====== INPUT
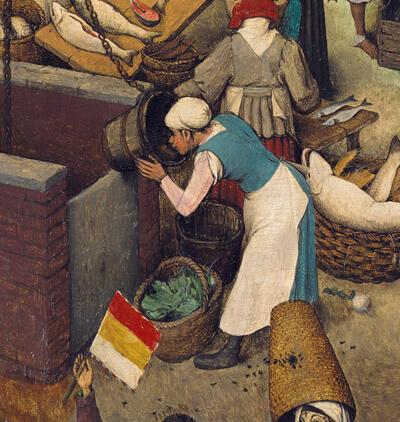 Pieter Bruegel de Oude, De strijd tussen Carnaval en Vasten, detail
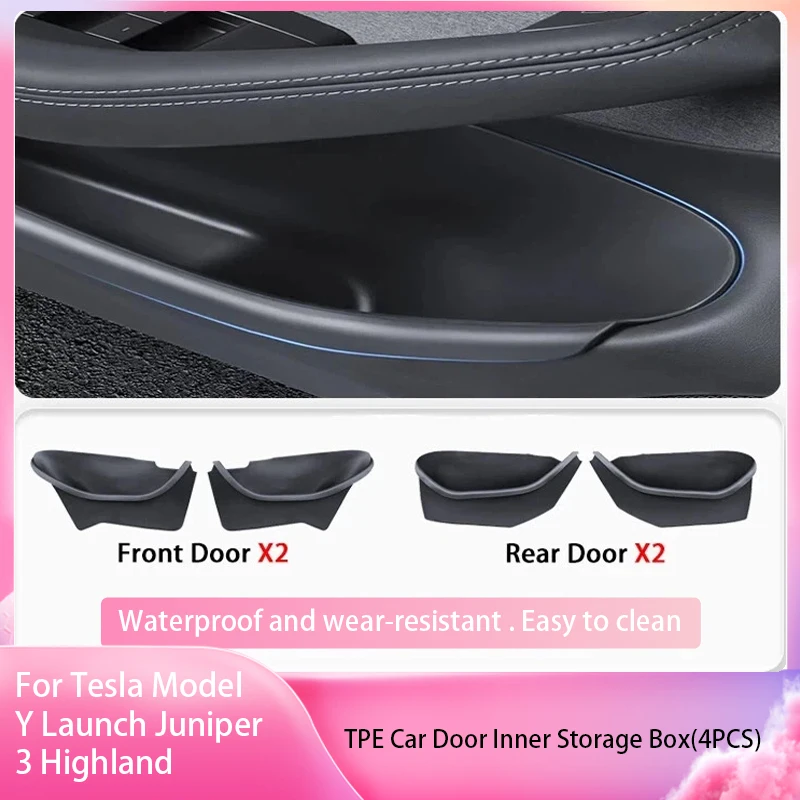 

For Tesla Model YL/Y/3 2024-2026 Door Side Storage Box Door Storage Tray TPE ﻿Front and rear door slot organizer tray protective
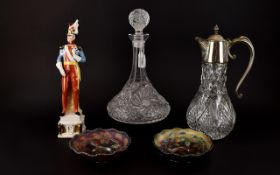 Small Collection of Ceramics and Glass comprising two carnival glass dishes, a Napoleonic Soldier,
============
====== INPUT
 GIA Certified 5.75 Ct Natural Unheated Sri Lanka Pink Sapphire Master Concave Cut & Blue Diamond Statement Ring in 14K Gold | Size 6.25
============
▶ _PROBLEM TO WORK ON_:
Copy the listing above exactly, but only from the line with "Pieter Bruegel de" through the line with "Small Collection of", including those two lines and excluding any picture.

▶ _SOLUTION TO THIS TASK_:
 Pieter Bruegel de Oude, De strijd tussen Carnaval en Vasten, detail

For Tesla Model YL/Y/3 2024-2026 Door Side Storage Box Door Storage Tray TPE ﻿Front and rear door slot organizer tray protective
 Small Collection of Ceramics and Glass comprising two carnival glass dishes, a Napoleonic Soldier,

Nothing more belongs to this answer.